A raft of A&Rs came calling and - after a few false starts - she found a home on the roster of Tap Management (Dua Lipa, Lana Del Rey) and signed with her hero Pharrell's label Columbia. Understandably, Willow still seems somewhat awed at the situation today, but to focus too much on her good fortune would be to vastly undersell her drive and abilities.

As at home spitting a quick-witted come-back as she is cooing melismatically over silky R&B chords, Willow is a chameleonic talent with a vast creative vision. 'Two Seater' is dedicated to decrying fake friends, and features leftfield production from DANIO (Kari Faux, Husky Loops) which contrasts a balmy chorus with punk-inspired verses, driven by a serrated bass riff redolent of Radiohead's on 'The National Anthem'. Oscar Scheller produced follow up single 'I Don't Wanna Know' takes all of the attitude Willow has become synonymous with and ramps it up to 11 - taking cues from the old school rave culture that she is obsessed with by sticking a middle finger up to trolls over a drum & bass indebted backing. Inspired by the very real online abuse Willow received on TikTok, it's a high energy example of just how unpredictable a talent Willow is, and how easy she makes it look; the track is packed with hilarious one-liners that cut those who have bullied her online to size. 'I Don't Wanna Know' is an empowering anthem that deals with real life Gen Z issues with a sense of confidence that feels so refreshing in the landscape of pop today.

Next single 'Opinion' was inspired by the unfuckwithable rebel-pop of 00s icons such as Santigold and M.I.A, landing a suckerpunch from the outset and breaking out of playground soundscapes with gargantuan bass hits and a pulse-raising hook that takes cues from the aforementioned Santigold. Making way for Willow to spotlight her most dexterous rapping yet, 'Opinion' is a full-bodied rapid fire message for the uninitiated to keep their comments to themselves and to simply stand back and watch her blaze her own trail.

This confidence was recognized with her nomination for, and later on winning, the Ivor Novello Rising Star award; the premier songwriting award for rising talent and one that saw her paired with disco legend Nile Rodgers for mentorship in the lead up to the awards show.

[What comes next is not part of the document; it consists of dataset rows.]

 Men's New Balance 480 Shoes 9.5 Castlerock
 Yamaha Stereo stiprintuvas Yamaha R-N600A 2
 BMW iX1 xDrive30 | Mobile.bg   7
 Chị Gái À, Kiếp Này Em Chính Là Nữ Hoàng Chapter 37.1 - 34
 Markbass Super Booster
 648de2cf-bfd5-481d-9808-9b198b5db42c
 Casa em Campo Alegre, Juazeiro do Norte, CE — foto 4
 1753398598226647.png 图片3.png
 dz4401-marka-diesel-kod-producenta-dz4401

If Willow comes across hugely confident now, it's worth emphasizing that it took work to get comfortable with this level of experimentation. "Lo-fi hip hop was all I knew how to produce. But definitely as time's gone on I just didn't know anyone who is making this type of music. I'm making the type of music that I've wanted to make for so long and confidence has been a mad factor in that. I can write a punk song if I want to. What's stopping me?"

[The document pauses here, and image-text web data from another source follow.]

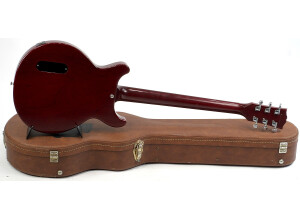 Gibson Les Paul junior DC (4369)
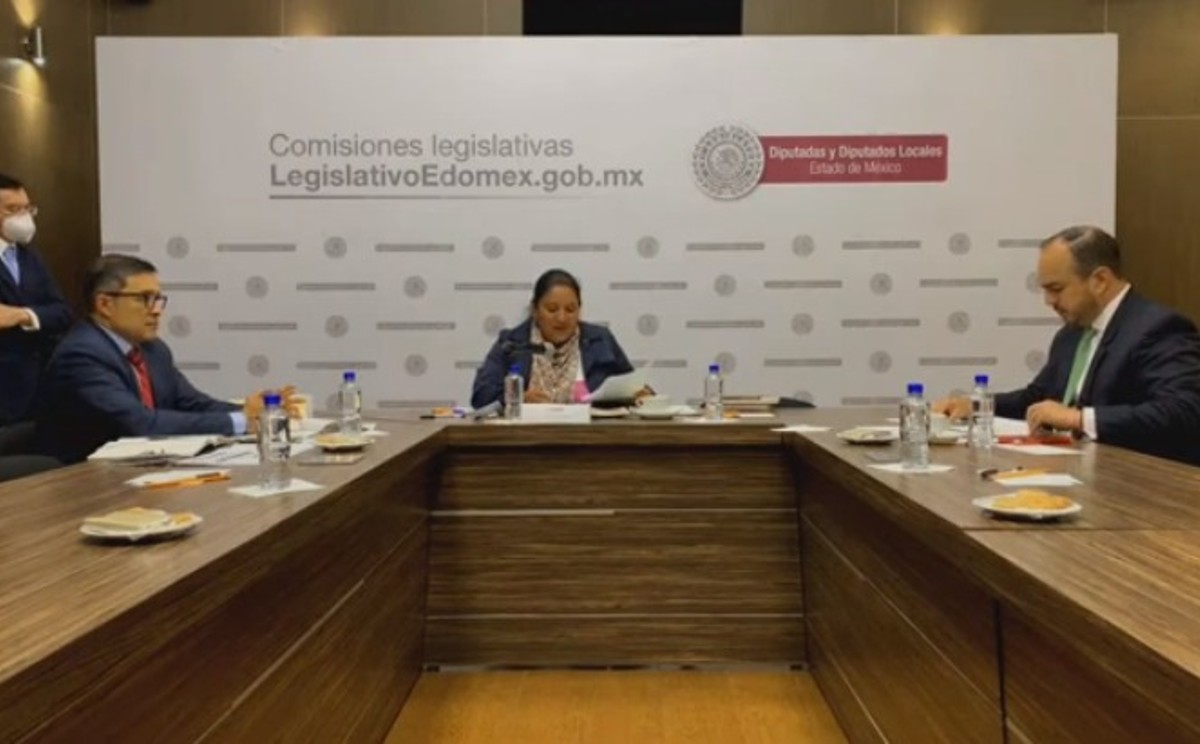 Las tarifas del código están divididas en cuatro grupos. (Claudia Hidalgo)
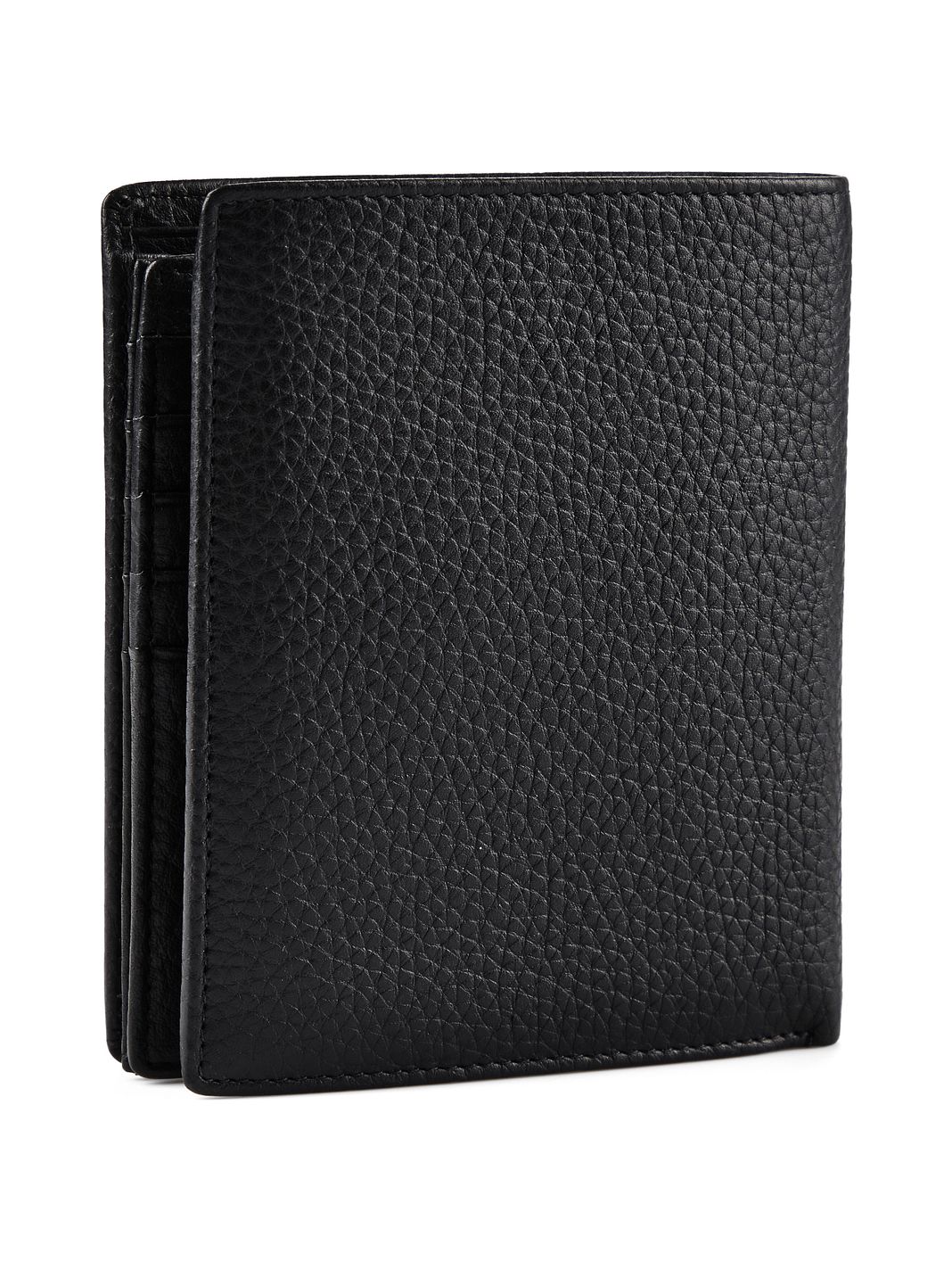 Esquire Texas Plånbok RFID-skydd Läder 12 cm Esquire Texas Plånbok RFID-skydd Läder 12 cm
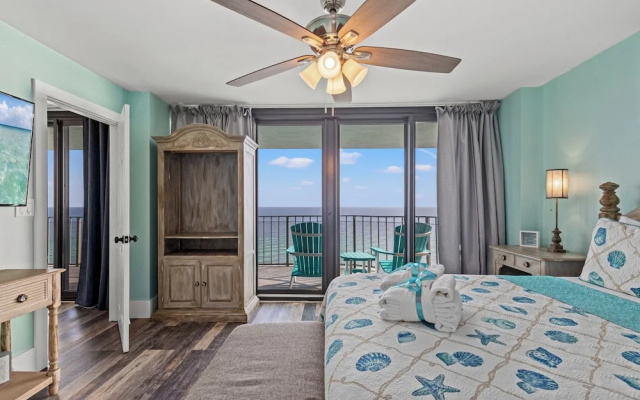 photo 2 of Watercrest 1704 - Serenity Shores
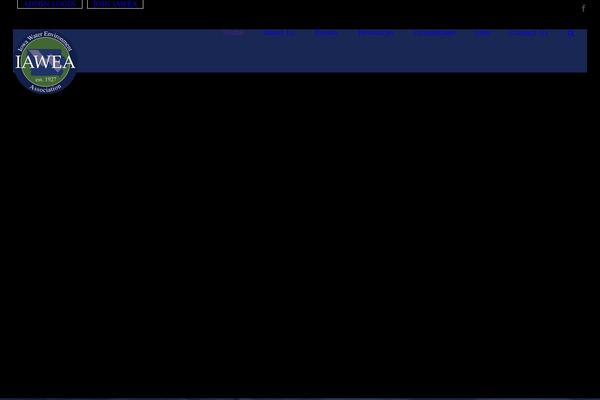 Site using Revslider-liquideffect-addon plugin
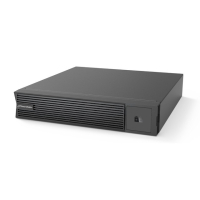 Bateria PowerWalker rack 19 cali VFI 2000/3000 10134054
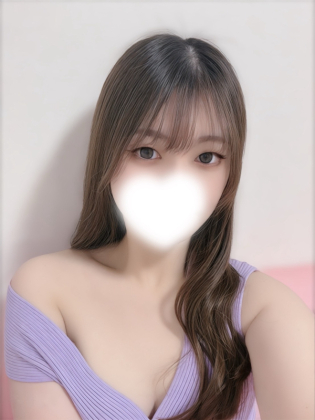 松島　なみ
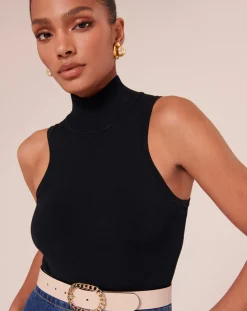 Femme Tara Jarmon Pulls^Pull irisé nocturne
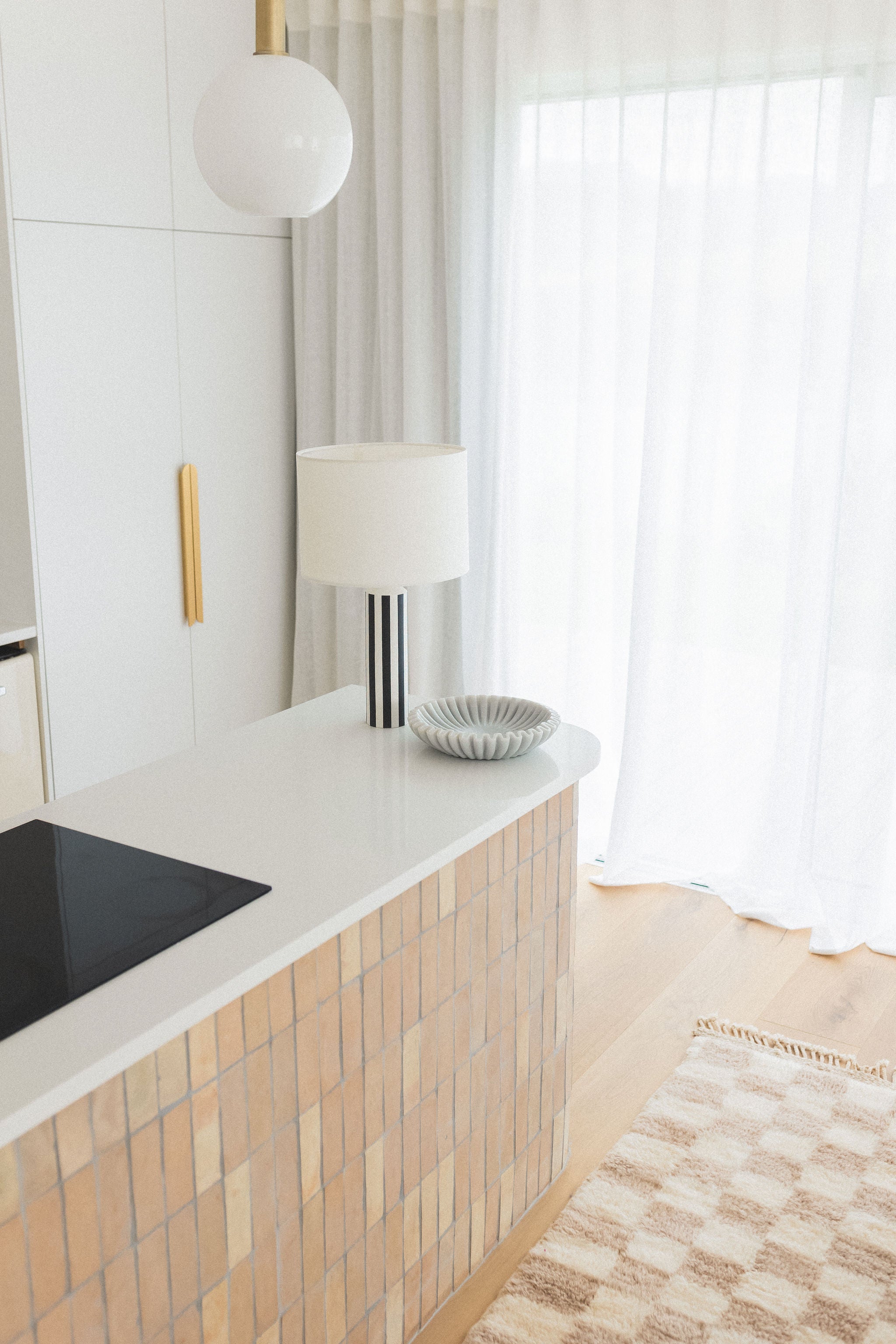Profiled | Casa Del Sol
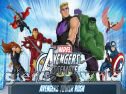 Miniaturka gry: Avengers Assamble Tower Rush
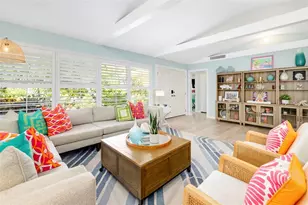 6343 Hollywood Blvd, Sarasota, FL 34231 - Photo 6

"Usually the people I look up to do multiple things," she enthuses. "For example, Pharrell Williams is definitely someone I see as an influence for the fact that he has created his own brand in Billionaire Boys Club, and for his various collaborations with other creators, my favorite being Nigo."

A keen designer, Willow already has a clear vision for her forthcoming EP Playground Antics, fusing references from the rave and punk subcultures with elements of retro futurism. She talks enthusiastically about creating an A/V show for the set, and of potentially incorporating olfactory elements to make the live experience even more immersive. As wildly ambitious as such plans might sound, Willow has a practical reason for creating a multi-sensory experience. Following an accident which left her blinded in one eye, she is now more invested in her senses than ever. As she explains, "I was mainly a visual person, but having to be in darkness for a long period really made it obvious how it's everything - the sound, look, even the smell of things that captivates you."

And so too do Willow's forthcoming debut EP, Playground Antics, which boasts a spontaneity and a sense of anarchy sadly absent in a lot of contemporary pop. Thrillingly, listening to her output so far, you're left with no real sense of where she'll go next; just that she'll seize every opportunity within her grasp. And one thing's for sure: in Willow Kayne's hands, the future of pop will be anything but boring.